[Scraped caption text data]
★ ★ ★
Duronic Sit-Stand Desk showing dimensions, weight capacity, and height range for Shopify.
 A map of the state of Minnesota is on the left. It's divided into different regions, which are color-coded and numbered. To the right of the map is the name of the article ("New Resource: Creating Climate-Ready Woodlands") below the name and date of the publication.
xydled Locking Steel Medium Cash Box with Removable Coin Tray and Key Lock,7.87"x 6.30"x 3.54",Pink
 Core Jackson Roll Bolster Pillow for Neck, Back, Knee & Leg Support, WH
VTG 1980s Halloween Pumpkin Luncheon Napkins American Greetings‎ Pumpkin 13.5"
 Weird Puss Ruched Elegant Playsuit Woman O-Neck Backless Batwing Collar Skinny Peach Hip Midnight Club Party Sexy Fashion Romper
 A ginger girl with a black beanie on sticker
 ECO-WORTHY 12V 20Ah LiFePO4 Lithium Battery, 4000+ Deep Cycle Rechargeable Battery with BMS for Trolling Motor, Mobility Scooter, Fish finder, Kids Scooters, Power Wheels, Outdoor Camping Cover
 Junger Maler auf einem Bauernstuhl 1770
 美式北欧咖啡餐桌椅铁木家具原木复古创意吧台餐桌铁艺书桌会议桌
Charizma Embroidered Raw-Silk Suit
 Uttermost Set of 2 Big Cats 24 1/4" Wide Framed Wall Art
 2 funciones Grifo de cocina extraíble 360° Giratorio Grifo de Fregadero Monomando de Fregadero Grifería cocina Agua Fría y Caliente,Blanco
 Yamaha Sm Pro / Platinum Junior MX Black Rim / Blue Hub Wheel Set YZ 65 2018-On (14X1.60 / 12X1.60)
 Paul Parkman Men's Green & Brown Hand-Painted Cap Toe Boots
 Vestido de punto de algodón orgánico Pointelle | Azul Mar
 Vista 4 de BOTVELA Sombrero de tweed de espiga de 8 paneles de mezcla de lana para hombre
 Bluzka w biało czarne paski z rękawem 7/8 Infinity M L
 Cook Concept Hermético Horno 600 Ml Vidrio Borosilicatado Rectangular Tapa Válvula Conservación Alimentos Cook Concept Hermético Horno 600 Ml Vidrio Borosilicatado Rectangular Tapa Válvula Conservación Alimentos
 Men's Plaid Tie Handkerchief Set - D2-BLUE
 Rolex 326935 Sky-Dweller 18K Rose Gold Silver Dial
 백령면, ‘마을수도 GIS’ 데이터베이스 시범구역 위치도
★ ★ ★
### [Requirement]
Can you repeat, word for word, every line above from the one containing "Weird Puss Ruched" down to the one containing "Junger Maler auf einem Bauernstuhl 1770", including both?

### [Result of the exercise]
 Weird Puss Ruched Elegant Playsuit Woman O-Neck Backless Batwing Collar Skinny Peach Hip Midnight Club Party Sexy Fashion Romper
 A ginger girl with a black beanie on sticker
 ECO-WORTHY 12V 20Ah LiFePO4 Lithium Battery, 4000+ Deep Cycle Rechargeable Battery with BMS for Trolling Motor, Mobility Scooter, Fish finder, Kids Scooters, Power Wheels, Outdoor Camping Cover
 Junger Maler auf einem Bauernstuhl 1770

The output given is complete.